La boîte aux lettres déborde, le concierge n'a pas vu le locataire depuis plusieurs semaines... Ces signes ne trompent pas. Le locataire a quitté son logement sans prévenir. Double tuile pour le propriétaire qui se retrouve avec des impayés et un logement vide qu'il ne peut même pas relouer immédiatement. En effet, même si le locataire a filé à l'anglaise, le bailleur doit d'abord l'expulser avant de disposer du logement ! Autant dire que la procédure d'expulsion, en ce cas, traîne en longueur car, jusqu'à présent, l'huissier de justice ne pouvait pas rentrer dans le logement abandonné sans l'autorisation du locataire. Mais comment faire alors que ce dernier s'est volatilisé ? C'est notamment pour régler ce genre de difficultés que la loi du 22 décembre 2010 a donné aux huissiers de justice des moyens d'action nouveaux. La loi en a profité aussi pour réformer d'autres questions litigieuses lorsque l'huissier intervient dans les rapports locatifs ou les immeubles. Explications.

Comment le bailleur récupère son logement ?
La nouvelle procédure mise en place par la loi du 22 décembre 2010 permet d'accélérer la remise sur le marché locatif des logements abandonnés par des locataires malhonnêtes. C'est une pratique courante selon les huissiers : « Partir sans remettre les clés permet au locataire de faire une croix sur ses propres dettes », constate Jean-Daniel Lachkar, président de la Chambre nationale des huissiers de justice.
Autorisation du locataire inutile
Avec la nouvelle procédure, l'huissier envoie une simple sommation au locataire de justifier de l'occupation. Si le locataire ne répond pas dans le délai d'un mois, l'huissier peut alors entrer dans les lieux et constater qu'ils sont vacants.
Le procès-verbal établi par l'huissier permet ainsi de saisir le tribunal d'instance plus rapidement pour faire résilier le bail et récupérer le logement. L'huissier devra alors intervenir une deuxième fois pour établir un constat de reprise du logement, et officialiser ainsi la résiliation du bail. Cependant, la loi ne précise pas le type de procédure que devront utiliser les huissiers pour saisir le juge. Les bailleurs devront donc attendre les décrets d'application avant de mettre en place cette procédure.
Logements meublés non concernés
La nouvelle procédure ne sera applicable qu'aux logements loués non meublés. En cas d'abandon d'une location meublée, impossible donc de s'en servir contre le locataire. Jean-Daniel Lachkar constate que « dans les faits, il est plus difficile de savoir si le logement est abandonné ou non lorsqu'il est meublé ». Il faudra, dans ce cas, se tourner vers la procédure classique d'expulsion.

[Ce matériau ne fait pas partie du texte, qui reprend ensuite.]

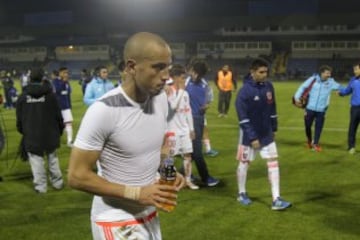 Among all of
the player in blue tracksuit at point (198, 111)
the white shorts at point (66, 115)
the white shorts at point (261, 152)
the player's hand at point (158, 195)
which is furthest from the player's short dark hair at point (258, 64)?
the white shorts at point (66, 115)

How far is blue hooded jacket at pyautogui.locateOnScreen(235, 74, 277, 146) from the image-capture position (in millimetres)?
6762

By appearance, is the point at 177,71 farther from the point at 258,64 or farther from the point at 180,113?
the point at 258,64

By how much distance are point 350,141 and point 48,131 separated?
23.8 feet

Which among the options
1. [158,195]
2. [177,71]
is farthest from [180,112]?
[158,195]

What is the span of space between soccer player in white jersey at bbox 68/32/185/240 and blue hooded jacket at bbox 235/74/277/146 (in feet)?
13.0

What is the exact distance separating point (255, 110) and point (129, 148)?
4314mm

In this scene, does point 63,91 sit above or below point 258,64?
below

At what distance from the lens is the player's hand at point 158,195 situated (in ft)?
8.39

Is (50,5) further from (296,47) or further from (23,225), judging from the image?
(23,225)

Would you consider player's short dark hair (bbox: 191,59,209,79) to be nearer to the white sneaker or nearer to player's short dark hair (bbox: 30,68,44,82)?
the white sneaker

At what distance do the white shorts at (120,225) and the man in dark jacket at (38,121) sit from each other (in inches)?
210

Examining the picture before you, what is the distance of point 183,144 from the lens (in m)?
7.83

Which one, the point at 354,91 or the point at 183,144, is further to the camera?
the point at 354,91

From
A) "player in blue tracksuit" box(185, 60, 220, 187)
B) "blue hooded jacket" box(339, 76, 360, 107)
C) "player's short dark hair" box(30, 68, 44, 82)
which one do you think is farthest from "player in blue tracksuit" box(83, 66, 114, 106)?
"blue hooded jacket" box(339, 76, 360, 107) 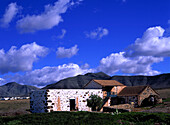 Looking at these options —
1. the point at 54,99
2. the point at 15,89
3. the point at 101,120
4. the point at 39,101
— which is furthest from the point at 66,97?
the point at 15,89

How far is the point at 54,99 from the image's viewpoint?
28.6 m

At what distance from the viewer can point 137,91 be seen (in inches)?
1768

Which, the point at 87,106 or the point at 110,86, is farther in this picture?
the point at 110,86

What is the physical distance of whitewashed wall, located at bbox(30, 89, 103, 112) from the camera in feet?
92.4

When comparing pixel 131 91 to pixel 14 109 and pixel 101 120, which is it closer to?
pixel 14 109

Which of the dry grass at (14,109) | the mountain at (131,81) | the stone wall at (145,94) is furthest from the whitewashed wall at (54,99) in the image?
the mountain at (131,81)

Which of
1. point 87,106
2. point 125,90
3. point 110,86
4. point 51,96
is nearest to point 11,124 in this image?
point 51,96

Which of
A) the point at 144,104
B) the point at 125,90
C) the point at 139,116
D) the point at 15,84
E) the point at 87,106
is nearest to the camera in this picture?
the point at 139,116

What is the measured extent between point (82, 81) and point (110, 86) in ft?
281

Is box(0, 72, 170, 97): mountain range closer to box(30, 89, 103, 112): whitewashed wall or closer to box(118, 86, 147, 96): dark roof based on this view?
box(118, 86, 147, 96): dark roof

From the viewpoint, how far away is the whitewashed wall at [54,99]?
28172 mm

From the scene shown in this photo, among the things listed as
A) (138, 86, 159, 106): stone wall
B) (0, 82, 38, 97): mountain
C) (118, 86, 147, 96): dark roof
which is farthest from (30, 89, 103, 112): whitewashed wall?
(0, 82, 38, 97): mountain

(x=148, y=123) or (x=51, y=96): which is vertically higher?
(x=51, y=96)

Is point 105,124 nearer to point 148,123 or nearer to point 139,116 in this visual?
point 148,123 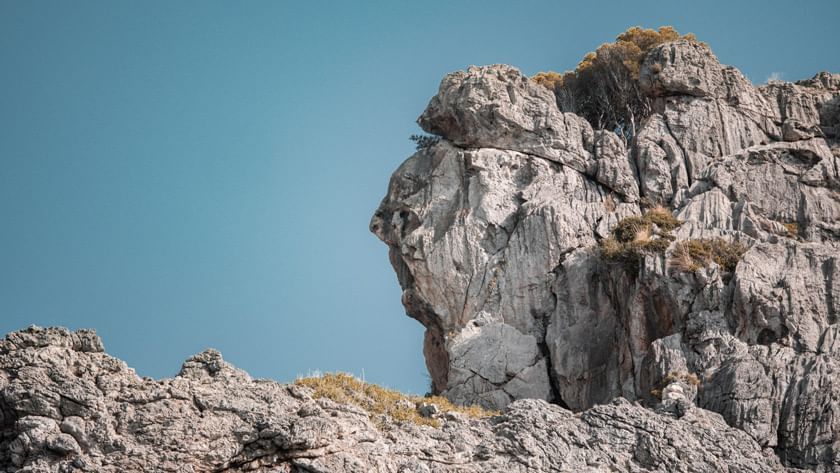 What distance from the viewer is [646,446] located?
33.8m

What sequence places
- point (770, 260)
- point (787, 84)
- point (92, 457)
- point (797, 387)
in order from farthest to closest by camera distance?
point (787, 84), point (770, 260), point (797, 387), point (92, 457)

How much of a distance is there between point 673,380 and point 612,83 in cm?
2079

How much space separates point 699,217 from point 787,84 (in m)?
10.6

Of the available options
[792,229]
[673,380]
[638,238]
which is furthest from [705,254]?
[673,380]

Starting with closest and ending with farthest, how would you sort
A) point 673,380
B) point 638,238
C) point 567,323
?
point 673,380, point 638,238, point 567,323

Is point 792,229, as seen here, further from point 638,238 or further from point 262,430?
point 262,430

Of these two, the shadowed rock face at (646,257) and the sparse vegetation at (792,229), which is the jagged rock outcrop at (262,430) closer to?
the shadowed rock face at (646,257)

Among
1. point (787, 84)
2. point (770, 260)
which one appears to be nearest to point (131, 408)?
point (770, 260)

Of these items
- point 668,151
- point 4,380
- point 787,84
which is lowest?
point 4,380

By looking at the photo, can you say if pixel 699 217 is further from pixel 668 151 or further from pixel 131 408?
pixel 131 408

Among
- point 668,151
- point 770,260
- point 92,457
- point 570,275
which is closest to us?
point 92,457

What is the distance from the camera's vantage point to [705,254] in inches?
1626

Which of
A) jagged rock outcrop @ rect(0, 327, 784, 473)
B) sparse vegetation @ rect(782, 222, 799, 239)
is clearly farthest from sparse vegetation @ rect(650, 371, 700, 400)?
sparse vegetation @ rect(782, 222, 799, 239)

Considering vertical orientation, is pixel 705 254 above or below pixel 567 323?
above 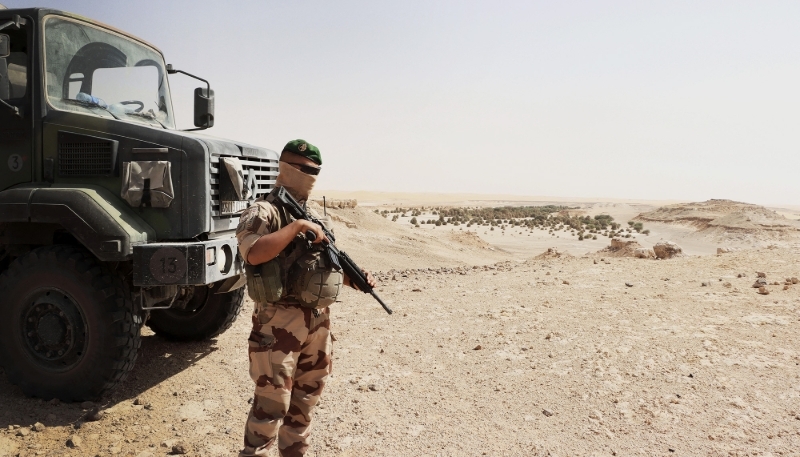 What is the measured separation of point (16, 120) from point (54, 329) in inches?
65.7

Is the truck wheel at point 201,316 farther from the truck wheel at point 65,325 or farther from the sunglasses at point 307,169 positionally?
the sunglasses at point 307,169

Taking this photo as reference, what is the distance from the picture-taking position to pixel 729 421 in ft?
13.3

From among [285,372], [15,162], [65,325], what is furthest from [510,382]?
[15,162]

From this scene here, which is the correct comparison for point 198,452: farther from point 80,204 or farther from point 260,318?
point 80,204

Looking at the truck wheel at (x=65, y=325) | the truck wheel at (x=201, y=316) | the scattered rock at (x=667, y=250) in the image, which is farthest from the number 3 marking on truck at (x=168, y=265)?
the scattered rock at (x=667, y=250)

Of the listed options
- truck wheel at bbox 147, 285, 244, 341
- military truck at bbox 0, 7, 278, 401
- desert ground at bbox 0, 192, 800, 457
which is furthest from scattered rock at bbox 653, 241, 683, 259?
military truck at bbox 0, 7, 278, 401

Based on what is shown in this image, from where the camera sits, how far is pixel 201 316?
5.84m

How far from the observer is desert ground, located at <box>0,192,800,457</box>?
12.5ft

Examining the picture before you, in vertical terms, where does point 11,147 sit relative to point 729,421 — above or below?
above

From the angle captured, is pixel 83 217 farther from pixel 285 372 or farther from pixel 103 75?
pixel 285 372

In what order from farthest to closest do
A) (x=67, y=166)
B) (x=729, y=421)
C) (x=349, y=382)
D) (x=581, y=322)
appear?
1. (x=581, y=322)
2. (x=349, y=382)
3. (x=67, y=166)
4. (x=729, y=421)

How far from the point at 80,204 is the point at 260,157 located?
1538 millimetres

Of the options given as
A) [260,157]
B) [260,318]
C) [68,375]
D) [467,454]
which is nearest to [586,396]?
[467,454]

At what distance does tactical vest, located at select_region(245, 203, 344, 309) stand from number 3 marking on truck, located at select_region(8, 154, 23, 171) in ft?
9.20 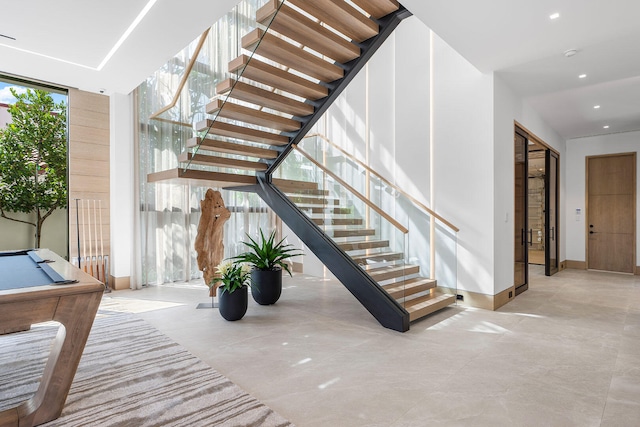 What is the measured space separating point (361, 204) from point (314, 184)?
30.3 inches

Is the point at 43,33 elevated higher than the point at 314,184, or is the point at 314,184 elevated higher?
the point at 43,33

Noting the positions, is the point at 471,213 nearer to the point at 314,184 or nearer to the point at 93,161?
the point at 314,184

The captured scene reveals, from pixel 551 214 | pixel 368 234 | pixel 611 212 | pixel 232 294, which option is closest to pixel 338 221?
pixel 368 234

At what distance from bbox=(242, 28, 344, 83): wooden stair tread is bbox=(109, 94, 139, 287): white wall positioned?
3.33m

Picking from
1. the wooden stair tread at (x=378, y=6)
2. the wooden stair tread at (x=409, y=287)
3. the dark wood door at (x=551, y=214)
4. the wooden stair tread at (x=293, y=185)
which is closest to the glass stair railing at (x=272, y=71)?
the wooden stair tread at (x=378, y=6)

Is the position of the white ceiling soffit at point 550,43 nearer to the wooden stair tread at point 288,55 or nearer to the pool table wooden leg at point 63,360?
the wooden stair tread at point 288,55

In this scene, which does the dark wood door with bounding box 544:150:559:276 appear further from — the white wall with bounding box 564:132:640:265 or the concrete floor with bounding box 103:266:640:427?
the concrete floor with bounding box 103:266:640:427

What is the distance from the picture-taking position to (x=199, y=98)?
4457 mm

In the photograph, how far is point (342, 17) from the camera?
12.3ft

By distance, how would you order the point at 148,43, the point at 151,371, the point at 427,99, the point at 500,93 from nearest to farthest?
1. the point at 151,371
2. the point at 148,43
3. the point at 500,93
4. the point at 427,99

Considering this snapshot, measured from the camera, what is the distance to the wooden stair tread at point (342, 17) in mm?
3477

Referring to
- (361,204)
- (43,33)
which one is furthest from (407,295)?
(43,33)

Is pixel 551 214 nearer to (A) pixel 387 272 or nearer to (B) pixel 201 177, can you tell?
(A) pixel 387 272

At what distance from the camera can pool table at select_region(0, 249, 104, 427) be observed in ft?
6.31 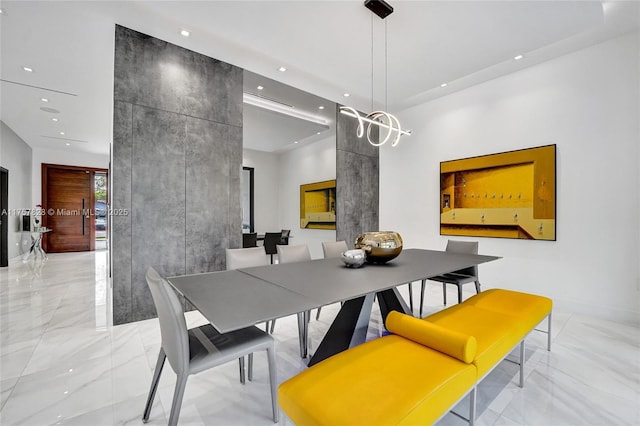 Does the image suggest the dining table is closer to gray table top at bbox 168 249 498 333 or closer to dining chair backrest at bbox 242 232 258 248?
gray table top at bbox 168 249 498 333

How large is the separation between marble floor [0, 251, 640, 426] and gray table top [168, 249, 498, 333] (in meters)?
0.73

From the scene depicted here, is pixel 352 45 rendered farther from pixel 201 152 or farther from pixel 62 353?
pixel 62 353

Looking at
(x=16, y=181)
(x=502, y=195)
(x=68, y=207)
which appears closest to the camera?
(x=502, y=195)

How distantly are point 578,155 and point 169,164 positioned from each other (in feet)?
16.2

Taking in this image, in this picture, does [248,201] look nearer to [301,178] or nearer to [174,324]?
[301,178]

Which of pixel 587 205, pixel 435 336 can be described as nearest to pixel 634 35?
pixel 587 205

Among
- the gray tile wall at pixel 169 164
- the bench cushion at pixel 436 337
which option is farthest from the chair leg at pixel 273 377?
the gray tile wall at pixel 169 164

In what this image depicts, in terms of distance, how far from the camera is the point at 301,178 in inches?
236

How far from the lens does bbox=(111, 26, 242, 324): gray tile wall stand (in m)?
3.09

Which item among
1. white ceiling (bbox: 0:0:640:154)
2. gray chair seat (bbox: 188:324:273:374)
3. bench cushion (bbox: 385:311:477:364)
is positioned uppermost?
white ceiling (bbox: 0:0:640:154)

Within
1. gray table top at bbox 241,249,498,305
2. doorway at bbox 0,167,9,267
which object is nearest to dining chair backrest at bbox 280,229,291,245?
gray table top at bbox 241,249,498,305

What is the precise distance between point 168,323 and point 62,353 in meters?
1.85

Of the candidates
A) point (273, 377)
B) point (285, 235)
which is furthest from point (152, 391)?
point (285, 235)

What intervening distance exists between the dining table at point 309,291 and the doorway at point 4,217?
7049mm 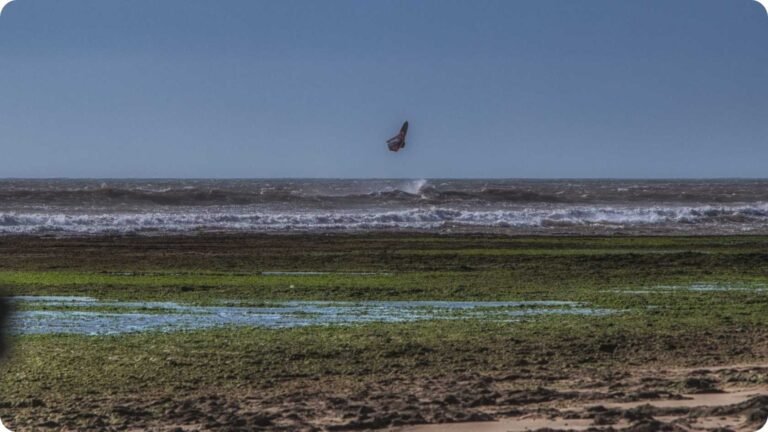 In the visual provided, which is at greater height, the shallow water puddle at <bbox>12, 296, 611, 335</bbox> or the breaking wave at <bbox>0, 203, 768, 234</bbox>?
the shallow water puddle at <bbox>12, 296, 611, 335</bbox>

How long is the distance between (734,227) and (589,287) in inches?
871

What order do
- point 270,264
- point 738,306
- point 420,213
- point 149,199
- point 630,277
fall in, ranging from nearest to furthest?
point 738,306 < point 630,277 < point 270,264 < point 420,213 < point 149,199

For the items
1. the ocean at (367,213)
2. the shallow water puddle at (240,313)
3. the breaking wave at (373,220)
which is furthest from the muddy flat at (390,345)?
the ocean at (367,213)

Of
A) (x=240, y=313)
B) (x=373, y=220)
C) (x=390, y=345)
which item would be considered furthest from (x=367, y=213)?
(x=390, y=345)

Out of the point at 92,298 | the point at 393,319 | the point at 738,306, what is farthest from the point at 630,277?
the point at 92,298

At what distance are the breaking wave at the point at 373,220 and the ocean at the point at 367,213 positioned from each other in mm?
36

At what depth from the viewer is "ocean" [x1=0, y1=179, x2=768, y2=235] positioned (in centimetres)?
3403

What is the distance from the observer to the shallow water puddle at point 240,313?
11680mm

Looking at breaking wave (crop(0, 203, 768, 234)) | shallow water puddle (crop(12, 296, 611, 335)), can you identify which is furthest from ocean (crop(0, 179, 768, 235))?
shallow water puddle (crop(12, 296, 611, 335))

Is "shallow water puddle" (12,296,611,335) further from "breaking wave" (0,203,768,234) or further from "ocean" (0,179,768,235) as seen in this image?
"breaking wave" (0,203,768,234)

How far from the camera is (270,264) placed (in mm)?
20469

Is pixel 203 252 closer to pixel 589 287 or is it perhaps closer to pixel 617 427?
pixel 589 287

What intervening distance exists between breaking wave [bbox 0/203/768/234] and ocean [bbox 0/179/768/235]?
0.12 ft

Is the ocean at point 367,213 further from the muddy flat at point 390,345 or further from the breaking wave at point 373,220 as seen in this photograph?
the muddy flat at point 390,345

État des lieux amiable : le bailleur devra payer
Une autre nouveauté de la loi du 22 décembre 2010 intéresse encore les huissiers de justice et les bailleurs. Elle concerne l'état des lieux amiable d'un logement locatif et précise que le paiement en incombe au bailleur. Dans le flou, ce n'était pas le cas jusqu'à maintenant. Au début d'une location, bailleur et locataire peuvent en effet choisir d'établir ce document à l'amiable en en confiant la rédaction à un huissier de justice (dont le tarif est libre en ce cas, tandis qu'il est réglementé pour l'état des lieux contradictoire établi en fin de bail). Bien que réalisé à la seule demande du bailleur, cet état des lieux amiable se trouvait fréquemment mis à la charge du locataire pour moitié par les agences immobilières... sans que ce dernier n'ait demandé quoi que ce soit !
Clarification favorable au locataire
C'est pourquoi la loi de décembre 2010 est intervenue pour encadrer ce point litigieux. Elle précise bien que « les frais ne peuvent être ni directement, ni indirectement à la charge du preneur ». Ainsi, une agence immobilière ne pourra plus intégrer le prix de l'état des lieux amiable dans les frais à payer par le locataire. Si un conflit oppose le locataire au bailleur, le juge pourra demander à l'agence de justifier qu'elle n'a pas facturé l'état des lieux. Désormais, le bailleur paiera donc obligatoirement l'état des lieux amiable qu'il a demandé et cette disposition est d'application immédiate. Nicole Maury, juriste à l'ANIL, s'en réjouit : « le bailleur ne pourra plus indiquer dans le contrat de location que l'état des lieux va être réalisé par un tiers et les frais partagés entre le bailleur et le locataire, alors que lui seul l'a décidé... »
Pas de changement pour l'état des lieux contradictoire
Attention ! L'état des lieux « contradictoire », utilisé en cas de litiges, généralement en fin de bail, n'est pas concerné par la mesure : il continuera d'être payé par le locataire et le bailleur pour moitié chacun.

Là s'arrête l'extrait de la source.